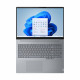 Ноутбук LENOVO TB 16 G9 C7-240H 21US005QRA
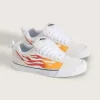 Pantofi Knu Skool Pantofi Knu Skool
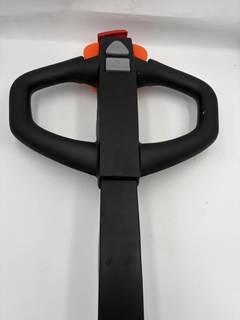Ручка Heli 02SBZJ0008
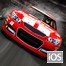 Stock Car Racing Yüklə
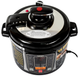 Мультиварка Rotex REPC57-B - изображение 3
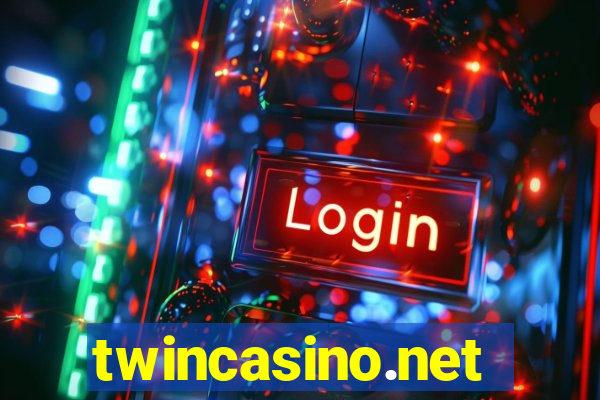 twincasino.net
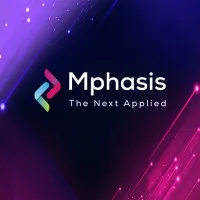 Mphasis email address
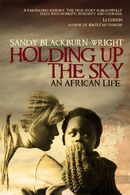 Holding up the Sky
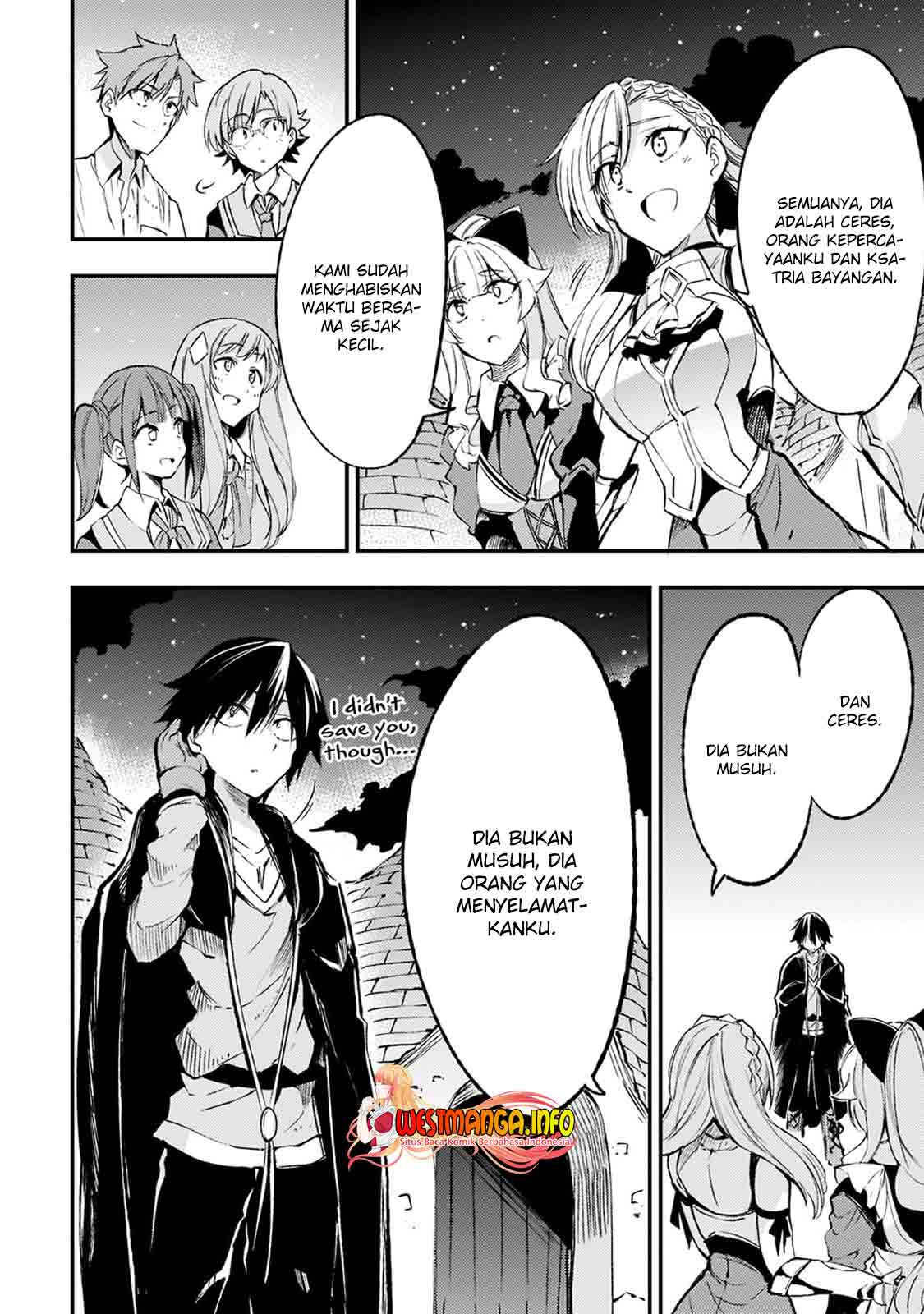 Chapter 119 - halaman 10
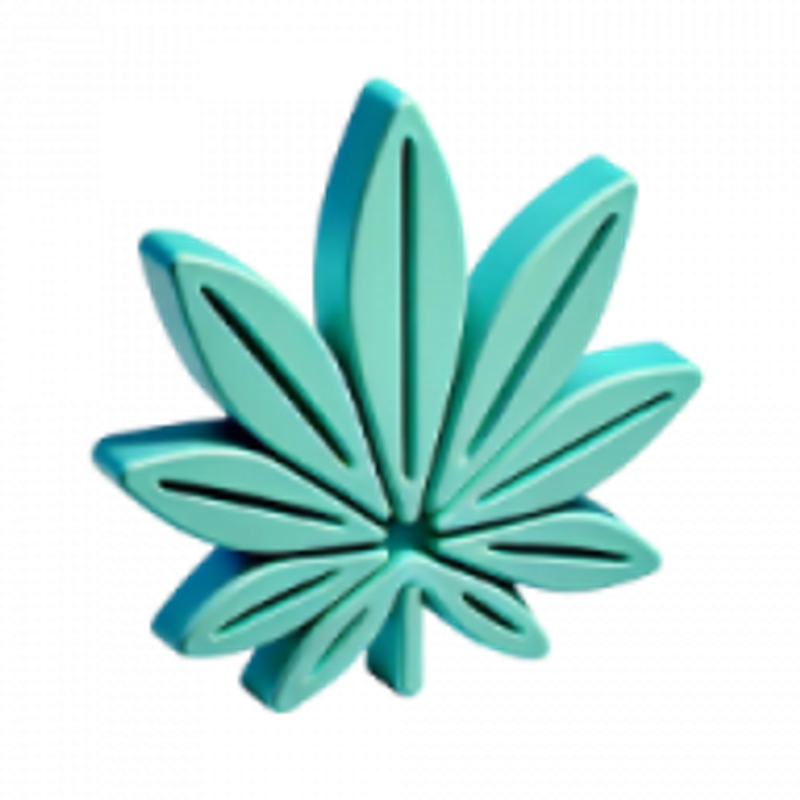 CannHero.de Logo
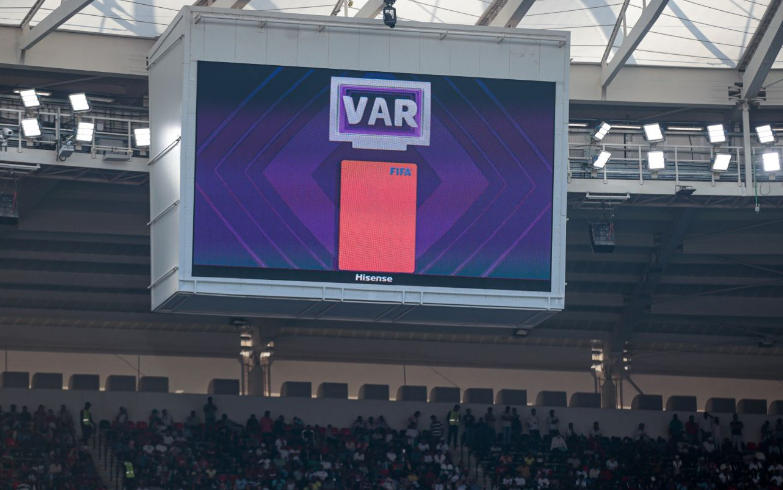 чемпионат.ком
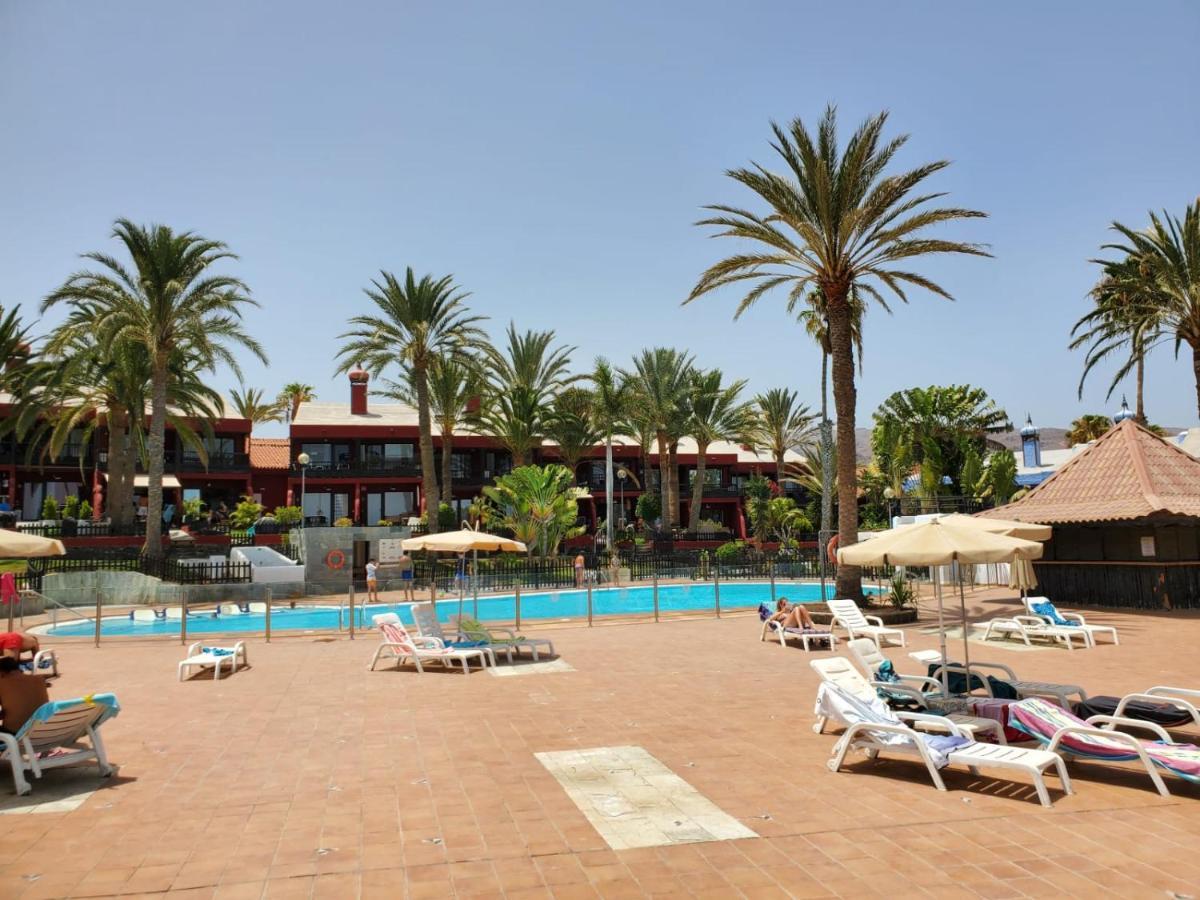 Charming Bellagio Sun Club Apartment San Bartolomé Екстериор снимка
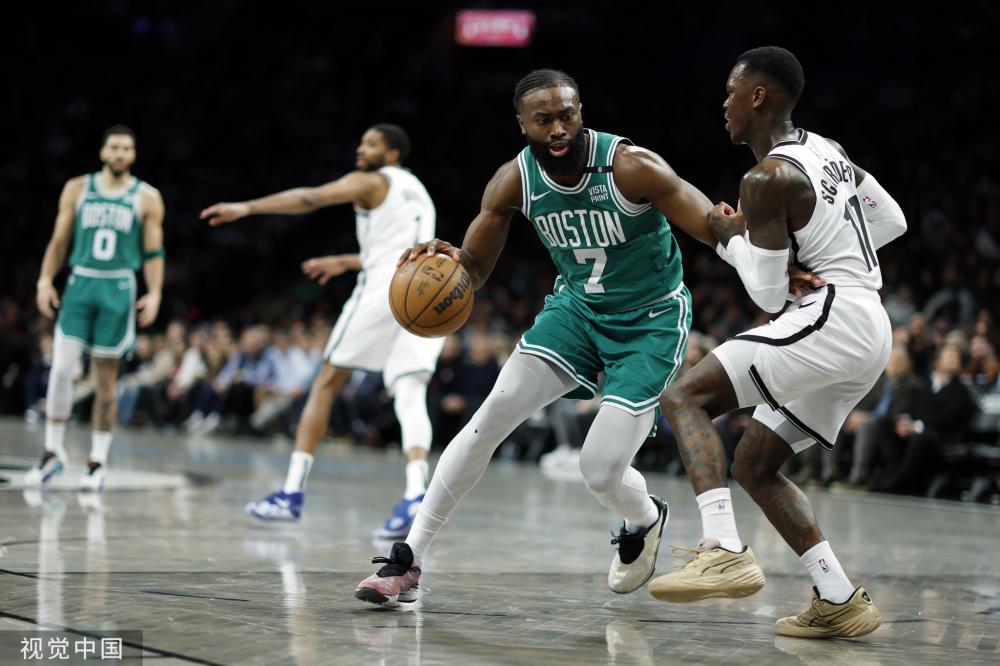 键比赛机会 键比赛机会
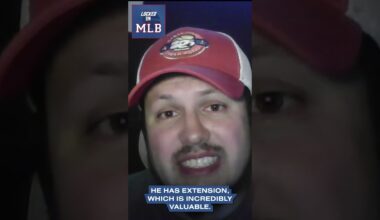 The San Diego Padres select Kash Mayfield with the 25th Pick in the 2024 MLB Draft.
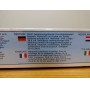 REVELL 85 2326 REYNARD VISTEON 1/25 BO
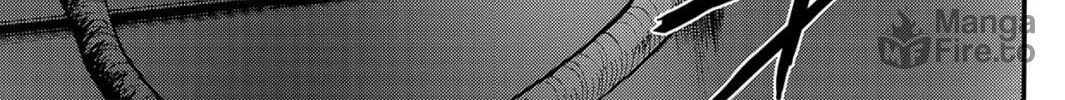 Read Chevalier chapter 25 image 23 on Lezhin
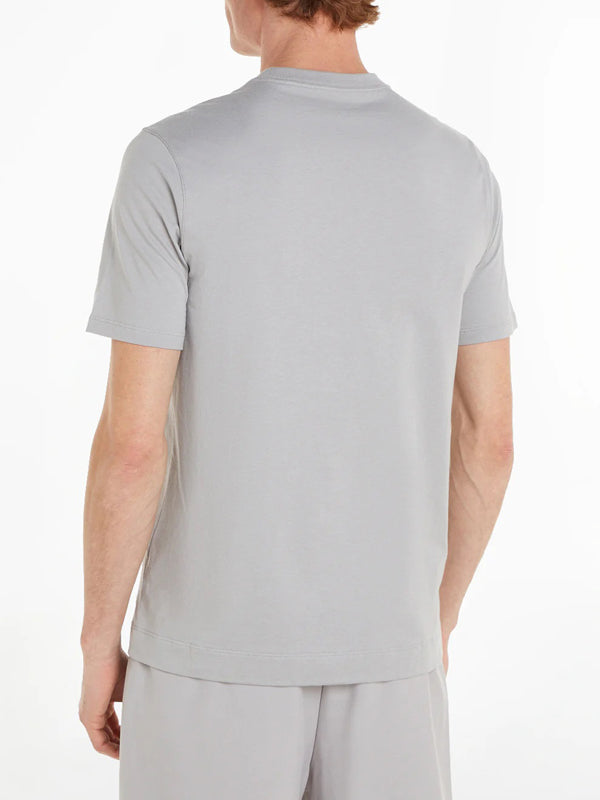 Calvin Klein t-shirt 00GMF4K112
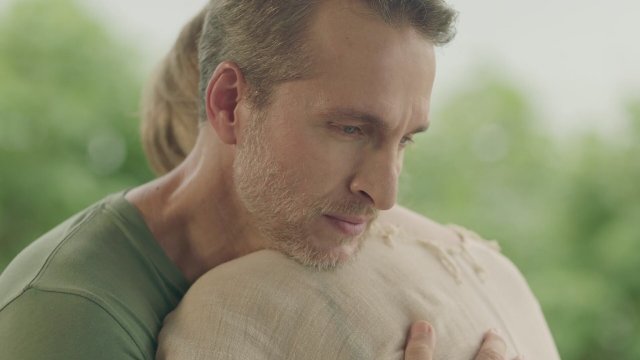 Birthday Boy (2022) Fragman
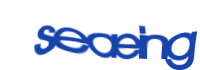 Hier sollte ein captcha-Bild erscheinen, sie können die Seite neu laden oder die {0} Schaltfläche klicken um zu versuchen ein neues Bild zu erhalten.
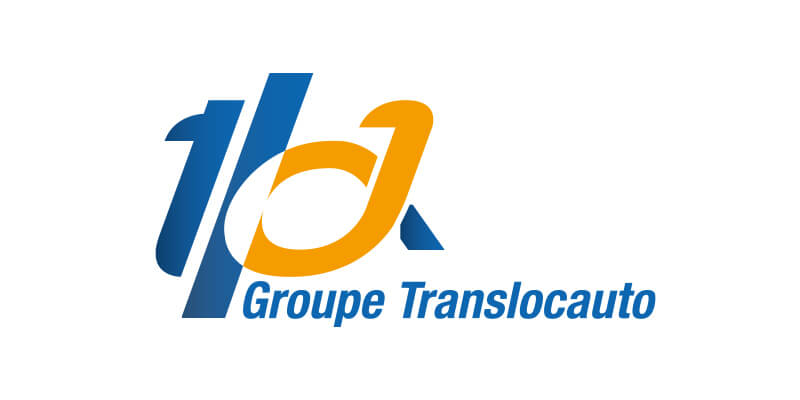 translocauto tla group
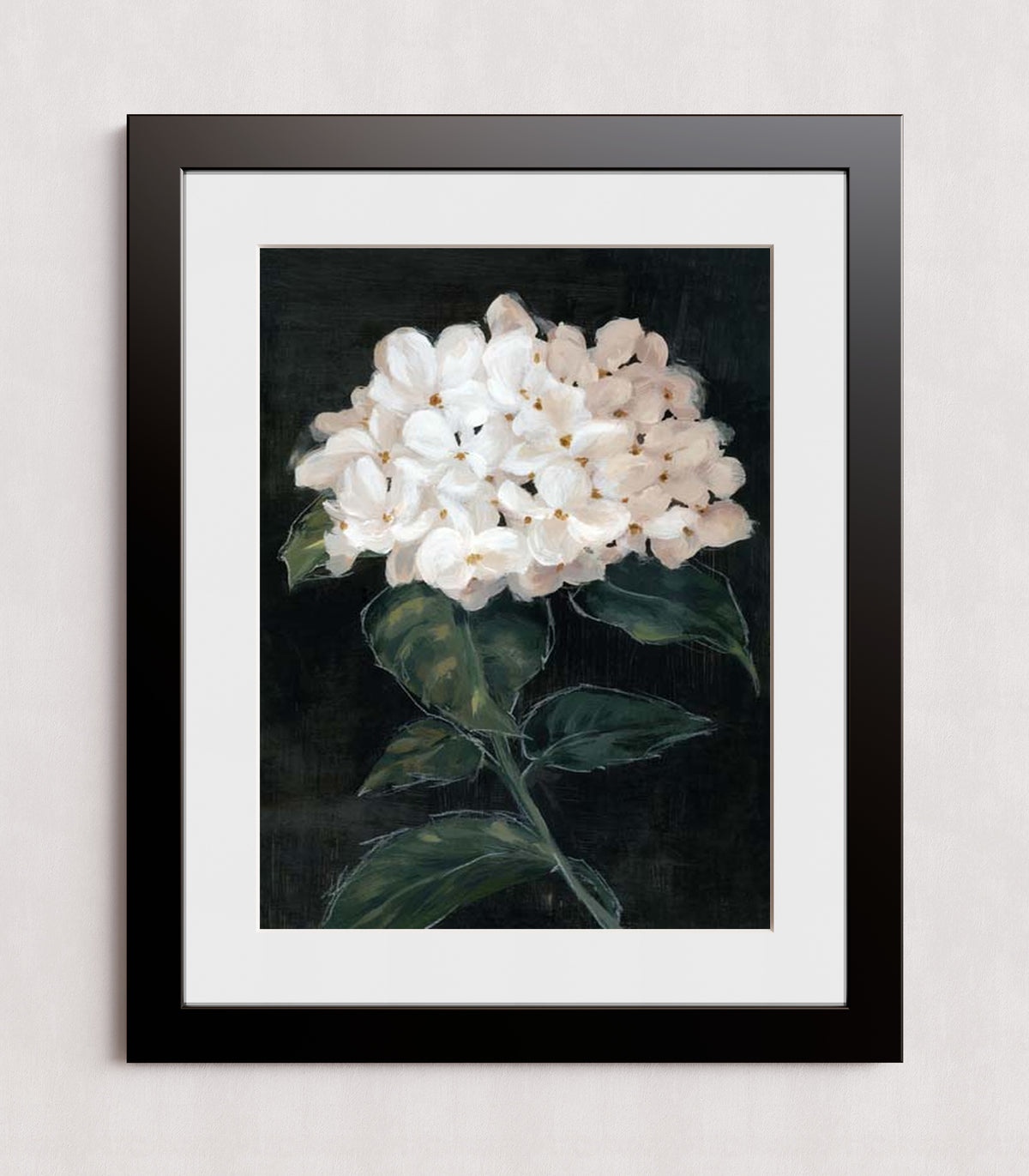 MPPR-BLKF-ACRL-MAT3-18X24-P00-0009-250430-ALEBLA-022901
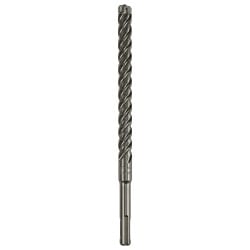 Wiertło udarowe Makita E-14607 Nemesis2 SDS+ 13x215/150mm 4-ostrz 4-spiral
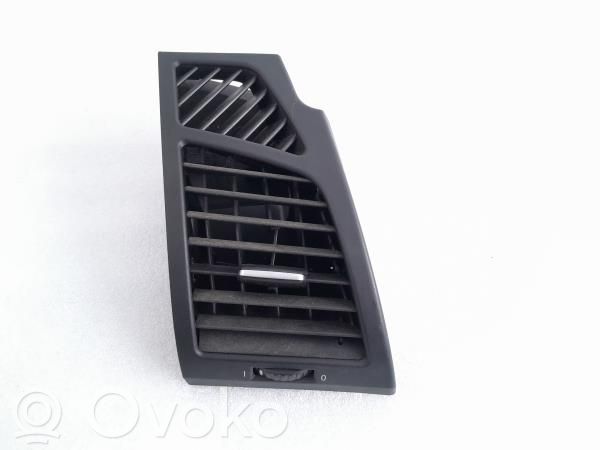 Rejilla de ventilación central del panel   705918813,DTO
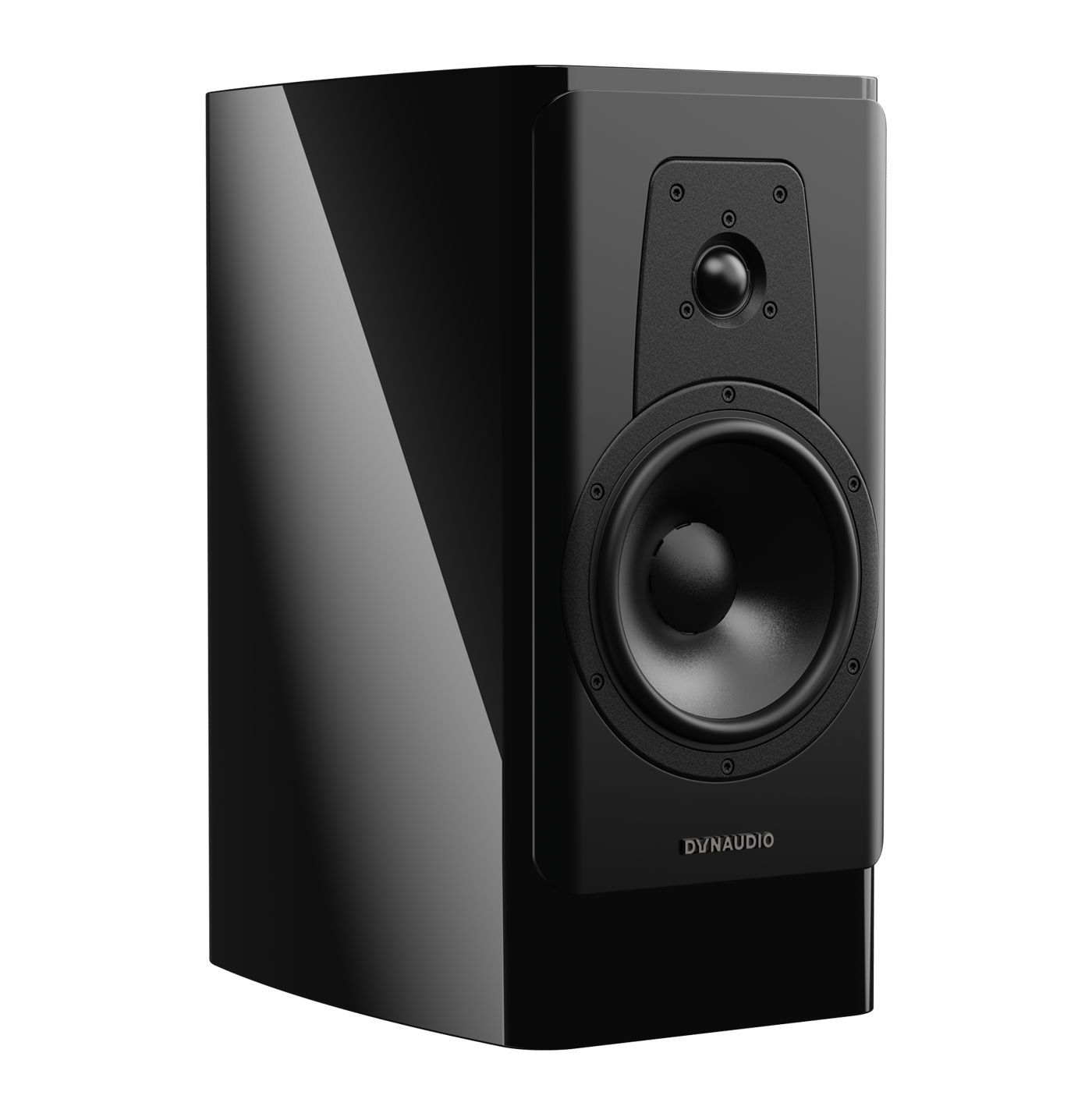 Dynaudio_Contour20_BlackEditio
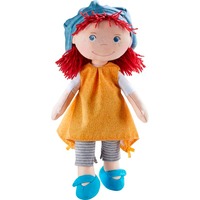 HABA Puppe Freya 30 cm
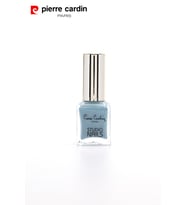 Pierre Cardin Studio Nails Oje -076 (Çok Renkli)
***
Each entry is to be output exactly, and no picture is to appear.

 Ноутбук LENOVO TB 16 G9 C7-240H 21US005QRA
 Pantofi Knu Skool Pantofi Knu Skool
Ручка Heli 02SBZJ0008
 Stock Car Racing Yüklə
 Мультиварка Rotex REPC57-B - изображение 3
 twincasino.net
 Mphasis email address
 Holding up the Sky
 Chapter 119 - halaman 10
 CannHero.de Logo
 чемпионат.ком
 Charming Bellagio Sun Club Apartment San Bartolomé Екстериор снимка
 键比赛机会 键比赛机会
 The San Diego Padres select Kash Mayfield with the 25th Pick in the 2024 MLB Draft.
 REVELL 85 2326 REYNARD VISTEON 1/25 BO
 Read Chevalier chapter 25 image 23 on Lezhin
 Calvin Klein t-shirt 00GMF4K112
 Birthday Boy (2022) Fragman
 Hier sollte ein captcha-Bild erscheinen, sie können die Seite neu laden oder die {0} Schaltfläche klicken um zu versuchen ein neues Bild zu erhalten.
 translocauto tla group
 MPPR-BLKF-ACRL-MAT3-18X24-P00-0009-250430-ALEBLA-022901
 Wiertło udarowe Makita E-14607 Nemesis2 SDS+ 13x215/150mm 4-ostrz 4-spiral
 Rejilla de ventilación central del panel   705918813,DTO
 Dynaudio_Contour20_BlackEditio
 HABA Puppe Freya 30 cm
 Pierre Cardin Studio Nails Oje -076 (Çok Renkli)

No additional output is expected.